**Material for the task:**

•••••

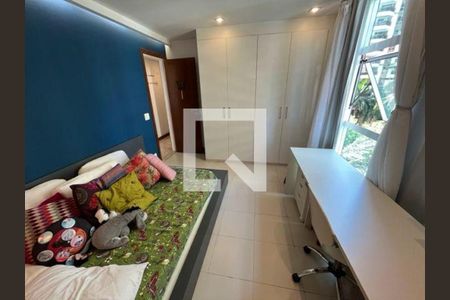 Apartamento à venda com 4 quartos, 151m² em Icaraí, Niterói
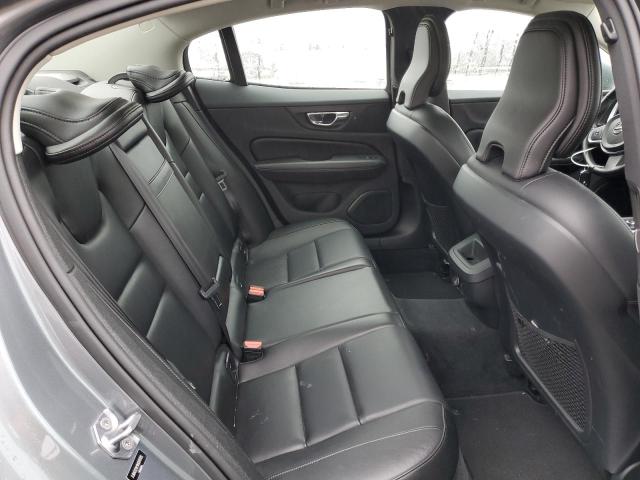 2019 VOLVO S60 T6 MOM - 7JRA22TK1KG015125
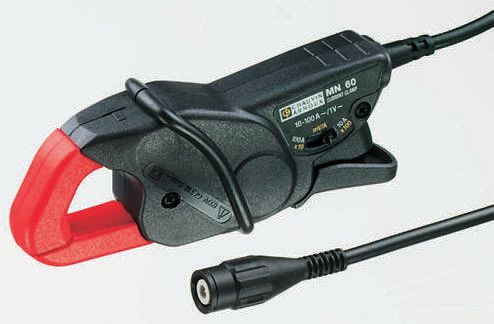 459-3556, Chauvin Arnoux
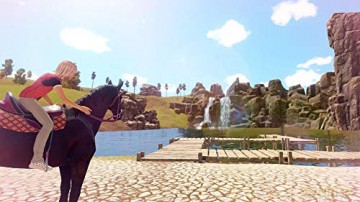 The Unicorn Princess (FR/GER/Multi in Game) [GRA PS4]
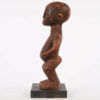 Makonde Statue 19.5" - Tanzania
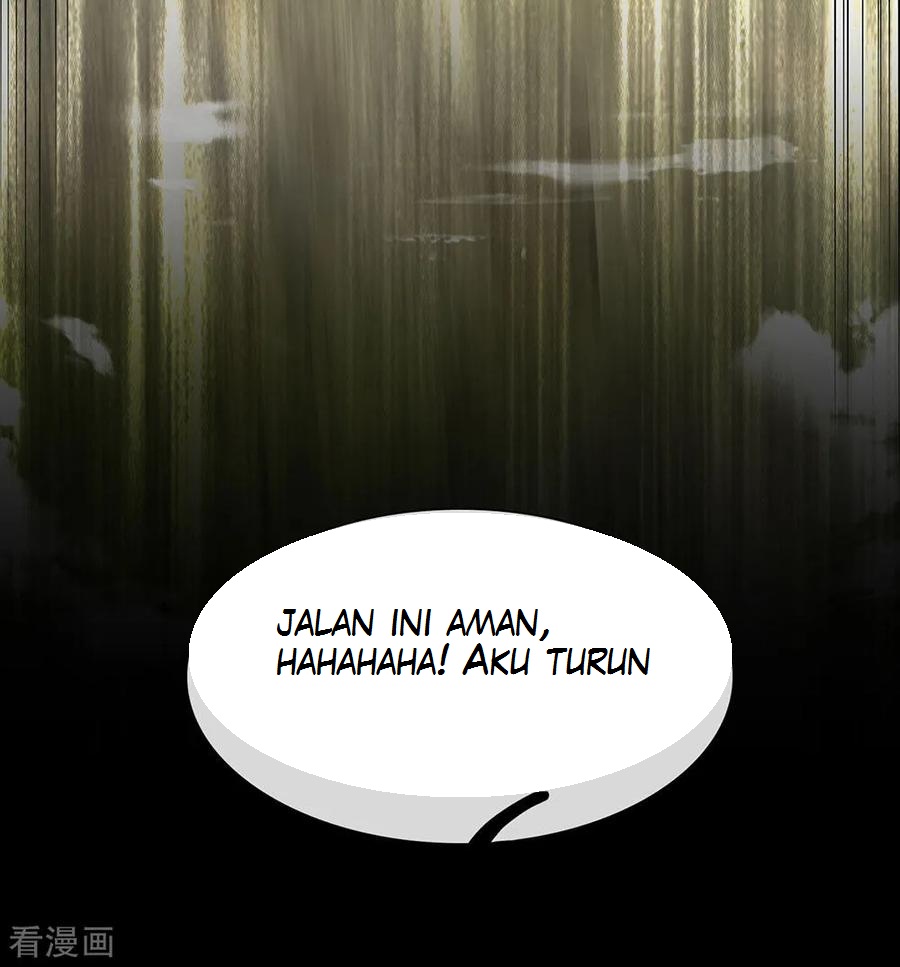 Shura Sword Sovereign Chapter 28 - halaman 3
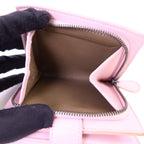 Bottega Veneta · Bifold Wallet · Lambskin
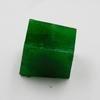453.70 Ct Natural Emerald Green Rough Uncut Huge Size Loose Gemstone CERTIFIED AM-535
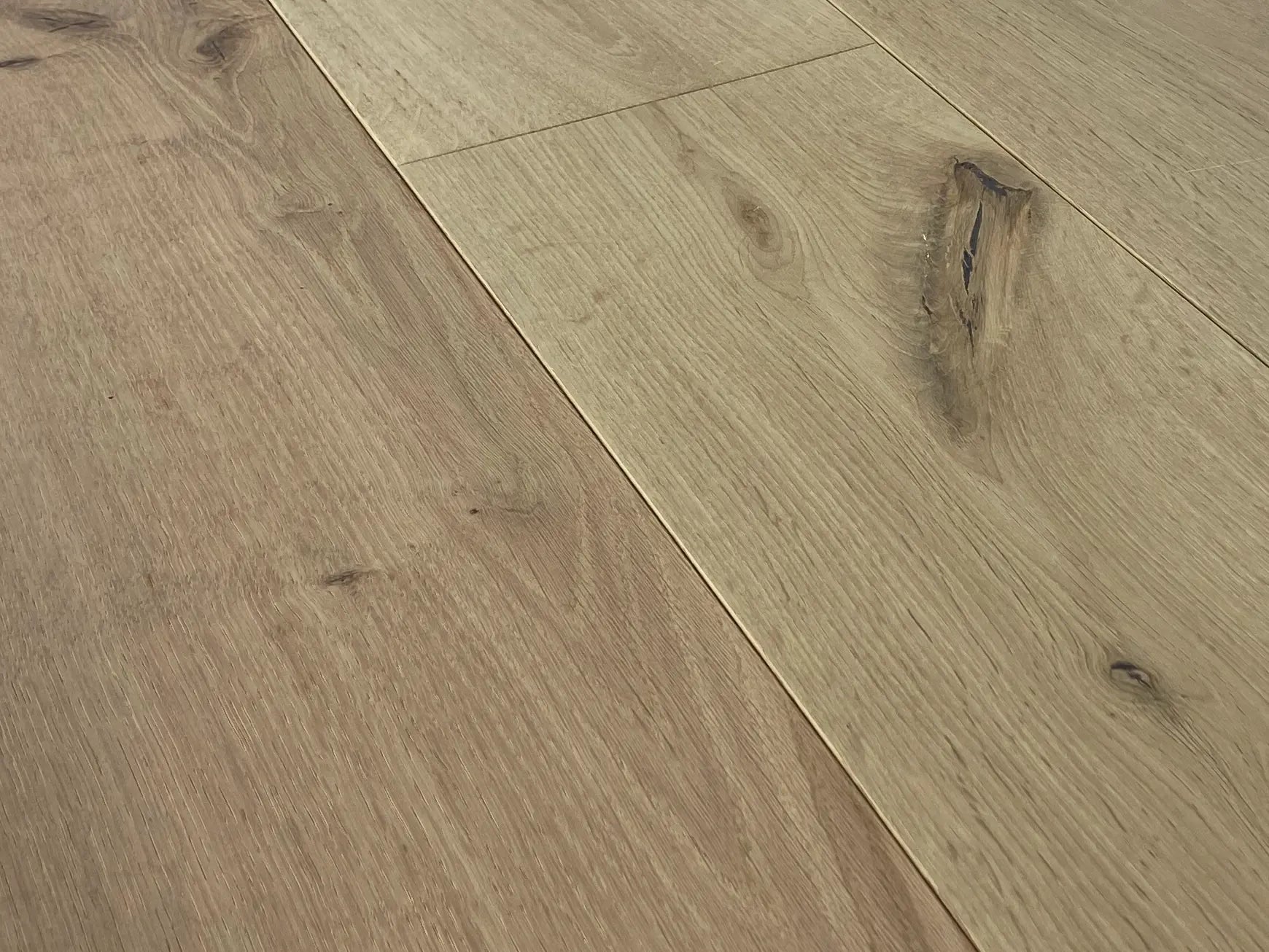 Windsor - Wentwood - Engineered Hardwood Monarch Plank Hardwood Flooring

•••••

**The task:** Could you print the whole listing again, exactly, leaving the pictures out?

**Result:**
 Apartamento à venda com 4 quartos, 151m² em Icaraí, Niterói
 2019 VOLVO S60 T6 MOM - 7JRA22TK1KG015125
 459-3556, Chauvin Arnoux
 The Unicorn Princess (FR/GER/Multi in Game) [GRA PS4]
 Makonde Statue 19.5" - Tanzania
 Shura Sword Sovereign Chapter 28 - halaman 3
 Bottega Veneta · Bifold Wallet · Lambskin
453.70 Ct Natural Emerald Green Rough Uncut Huge Size Loose Gemstone CERTIFIED AM-535
 Windsor - Wentwood - Engineered Hardwood Monarch Plank Hardwood Flooring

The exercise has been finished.